Error Recovery: System returns to working state after failure

  • Form retries submission after network timeout
  • Video player rebuffers after connection interruption
  • Sync process resumes after going offline

Failure Transparency: Making failures visible and understandable

  • Clear error messages explaining what went wrong
  • Guidance on what users can do
  • Honest acknowledgment with path forward

Each level is appropriate in different contexts. The art of resilience is choosing the right response for each failure scenario. Some failures should be invisible; others need user awareness; still others require user action.

What unites all levels is a shift in mindset: failure isn't an exception to handle—it's a state to design for.

The question isn’t whether things will go wrong, but what the experience will be when they do.

The Brittleness of Happy-Path Design

Most code assumes success. We write the flow for when data loads, when APIs respond, when users behave predictably. Error handling, if it exists, is an afterthought—a catch block that logs something and maybe shows a generic error message.
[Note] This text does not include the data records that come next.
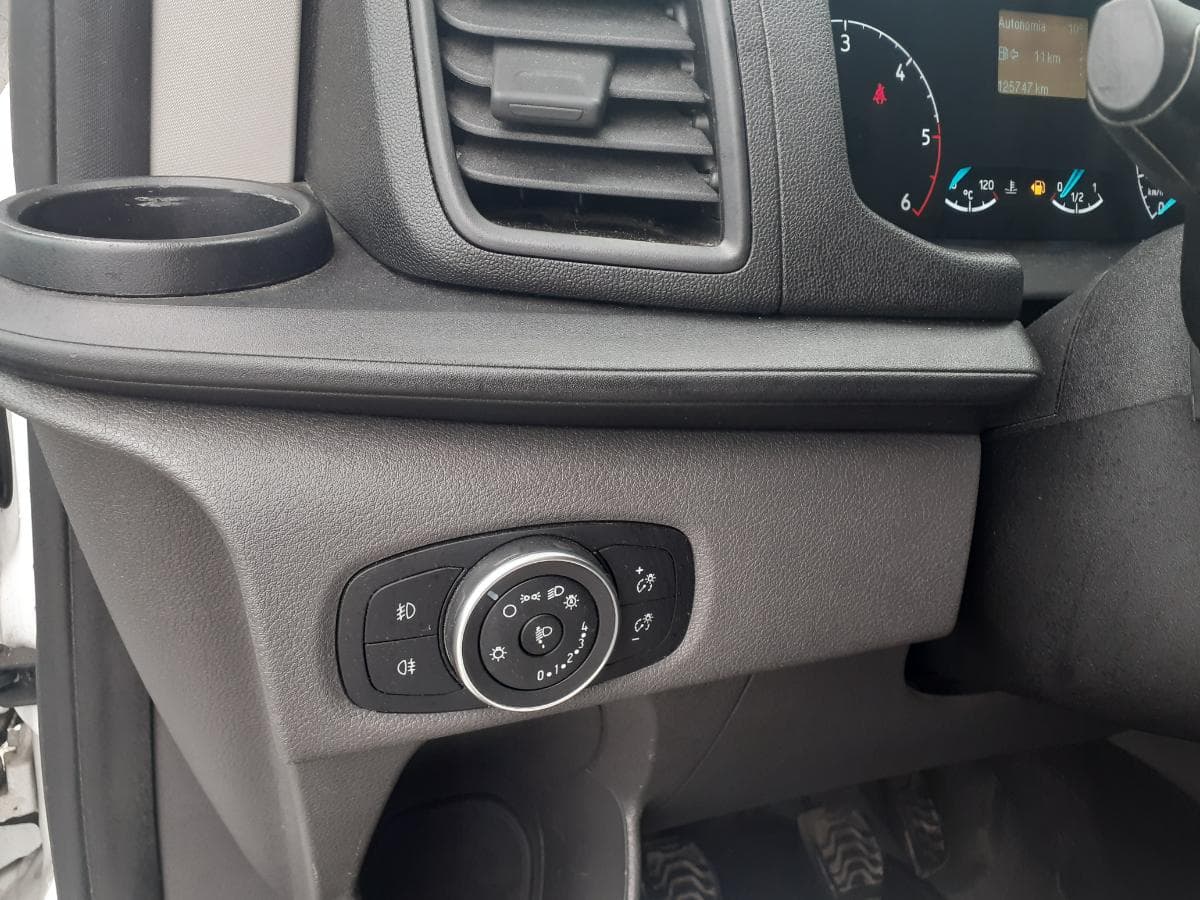 Ford Transit Custom 2.0 TDCI · Ano 2018 — imagen 21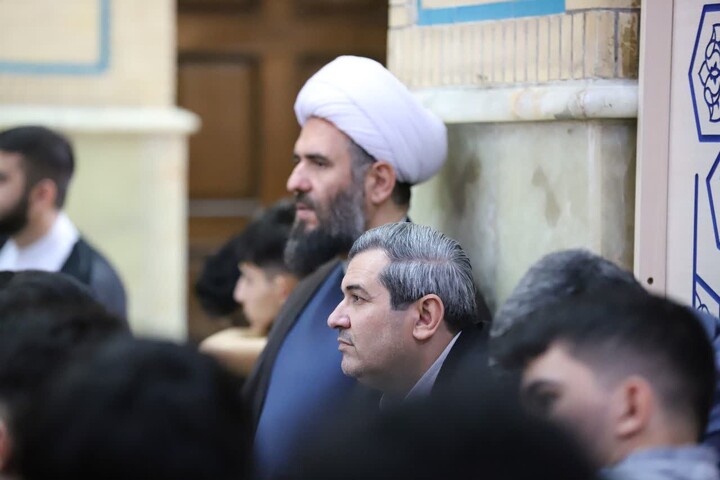 اعتکاف دانش آموزی در شهر مهستان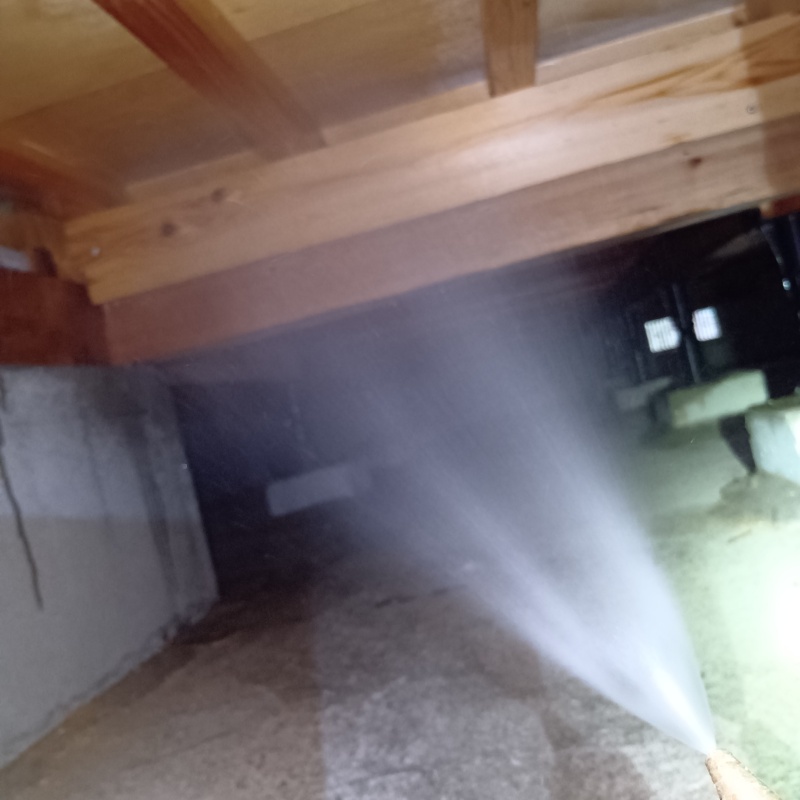 床下木材に防蟻剤を散布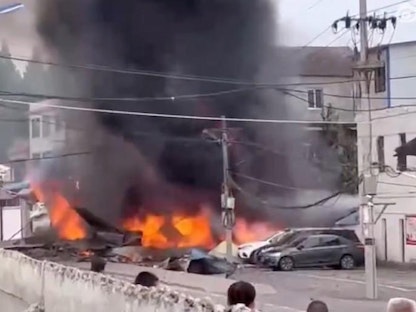 صور نشرتها وسائل إعلام محلية صينية لحادث سقوط طائرة عسكرية في منطقة سكنية - 9 يونيو 2022. - CCTV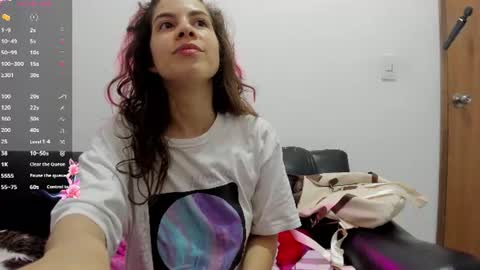 Snapshot of jessye_golden chatting on 07-02-26, 07:09 jessye_golden online show from 07-02-26, 07:09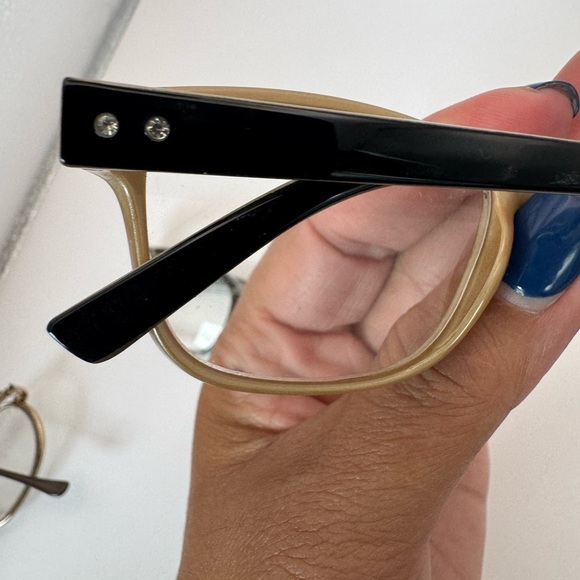 Two Pair Of Foster Grant Design Optics Eyeglass Frames 52-15-141 53-15-141 main image 14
This approach creates brittle systems. A single point of failure cascades into total collapse. An API timeout doesn’t just affect the data it was fetching—it crashes the entire page. A malformed response doesn’t just display incorrectly—it throws an exception that breaks unrelated components. A slow network doesn’t just delay content—it leaves users staring at spinners that never resolve.

The brittleness compounds. Components that assume their data arrives correctly propagate corrupt data downstream. Error boundaries that don’t exist let exceptions bubble up and kill the application. Loading states that never timeout leave users uncertain whether to wait or refresh. State that isn’t validated drifts into impossible configurations.

Consider a typical e-commerce checkout. Happy-path design builds the flow: enter shipping address, select payment method, review order, confirm purchase. But what happens when the address validation API is slow? When the payment processor returns an unexpected error code? When the user’s session expires mid-checkout? When the network drops after clicking “confirm” but before receiving confirmation? Each failure scenario needs its own design—not just technical handling, but user experience design.

Happy-path design fails users emotionally. When things break unexpectedly, users feel anxious and confused. Did I do something wrong? Is my data lost? The application gives no answers because it never anticipated the question.

The alternative is designing with failure as a primary concern, not an afterthought. Not because we’re pessimistic, but because we’re honest about the environment we’re building for.

Defensive Architecture

Defensive architecture starts from a single premise: assume everything can and will fail.

Defensive Principles

Every input is suspect. Data from users can be malicious or malformed. Data from APIs can be incomplete or incorrectly shaped. Data from your own storage can be corrupted or outdated. Validate at boundaries. Don’t assume that because your API “should” return a certain shape, it always will.

Every boundary is a failure point. Component boundaries. API boundaries. Storage boundaries. Module boundaries. Each boundary is where things can go wrong—where contracts can be violated, where communication can fail, where assumptions can be invalidated. Design boundaries as defensive perimeters.

Every operation needs a timeout. Network requests that hang indefinitely. Promises that never resolve. Animations that never complete. Users hate uncertainty more than failure. If something takes too long, that’s a failure state. Set timeouts. Show progress. Eventually give up and tell the user what happened.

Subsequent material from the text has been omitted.